Mostly I am using these photos with Flickr – to display a Flickr Badge of New Rochelle photos in the right rail of the home page and create photo montages for events like the recent snow storm using Dopiaza’s badge maker.
I would prefer to do this directly from Instagram so as to have a more direct link to the user who uploaded the photo but they do not offer that as far as I can tell. They also do not seem to have a way to search their own geolocation service. So, to really monitor Instagram (which has lots of stuff I do not want like spam and people uploading pictures of text, usually trite messages) and filter out the good stuff I need a a bridge out of Instagram and into Flickr so I can take advantage of Flickr’s robust set of tools and apps to display photos.
Enter IFTTT.
IFTTT stands for “If This Then That” and is a quite a powerful service for my purposes.
They are partnered with dozens of companies to integrate social media services, photo services, home automation services and communications services like telephone, SMS texting, RSS and email and operators like date, time, weather, geolocation and media outlets like New York Times and ESPN.
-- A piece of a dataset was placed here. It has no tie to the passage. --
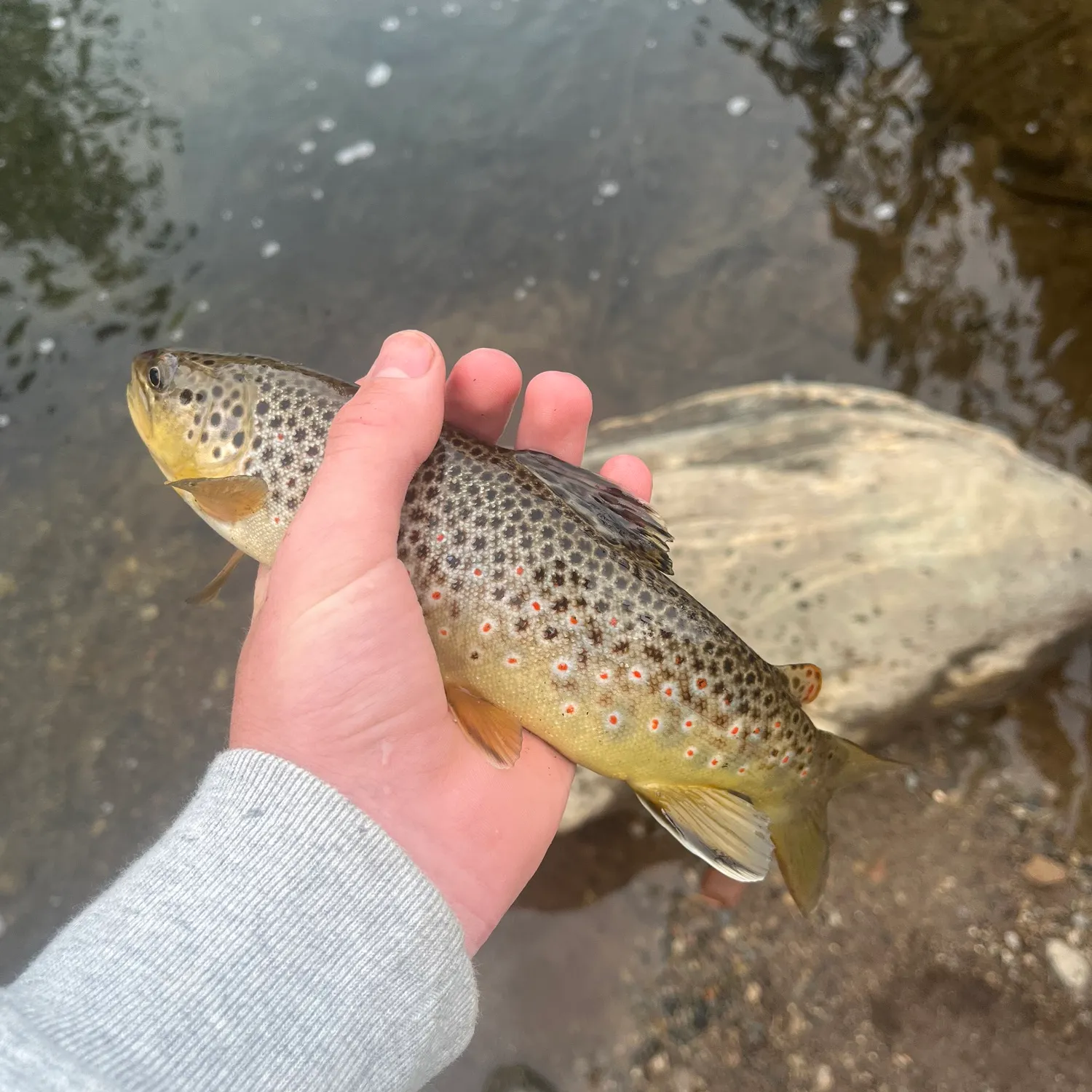 The most recent Wahrindi catches on Fishbrain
They offer, as of today, 77 channels. By combining various actions associated with these channels, a user like me can create a “recipe” where IF this happens then THAT happens. The IF is a “trigger” and the THAT is an action. For example, IF the New York Times publishes a new story on its home page then SEND ME A TEXT TO MY PHONE, or IF a tweet in my account is favorited then archive that tweet in Evernote, or IF my phone arrives at my house, turn on the front porch light.
In my case, I am using IFTTT as part of my news web site workflow to save links from sources like Twitter (Tweetbot) or RSS (Reader), clean them up by writing a clear headline (i.e., title) without extraneous text from the source web site, tag them and then send them on to Delicious where I can make RSS feeds based on tags. The items in the feeds, now tagged based on subject matter, are then displayed on our home page grouped by subject as a series of text-links using Feedroll. I also leverage that clean feed of items with IFTTT, sending all of the links to Buffer from which they are sent to Twitter in staggered intervals about 20 times over the course of the day, 24/7.
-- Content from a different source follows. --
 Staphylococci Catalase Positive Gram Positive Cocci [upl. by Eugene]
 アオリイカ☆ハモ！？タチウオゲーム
I have three IFFFT recipes that monitor three areas of New Rochelle for geolocated Instragram photos and send them to Tumblr where I can skim through the haul of instagrams; if I am interested in one of them I can click an IFTTT link in the Tumblr post that takes me to that particular Instagram where I can favorite it.
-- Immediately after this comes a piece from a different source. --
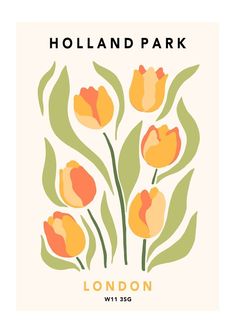 the holland park logo with tulips in orange, yellow and green on a white background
I have another IFFFT recipe that sends all favorited Instagrams to Flickr (and Flickr automatically displays those photos in a badge on the Talk of the Sound home page). For now, to see the original Instagram where that photo came from you would have to click the image to get to Flickr and then click the image/link there to get to Instagram. Clunky but I want to make sure the person who took the photo can be credited in some way, even though this is less than ideal.
I have another IFFFT recipe that sends all Talk of the Sound articles via RSS to Buffer, and as noted above, Buffer collects text-links and then sends them out in staggered intervals to Twitter.
I have four weather recipes in IFFFT that send to Twitter a daily weather report each morning at 6 am, and an alert when it starts to rain or snow and an alert when the pollen count goes above 8.
It’s not IFTTT but I should mention that I have Mailchimp set up to send an alert to Twitter when the newsletter is published each night at 3 a.m.
In a perfect world, I would build all these capabilities from scratch and run everything on my own server to have more control and faster load times but until some benefactor decides to drop bags of cash at my doorstep this will have to do.
For now, that about covers all that goes into producing the content you see on Talk of the Sound and on our Twitter account.
As I mentioned above, if a reader has any good ideas on how to improve this workflow or otherwise enable me to do a better job covering New Rochelle I hope you will share that with me.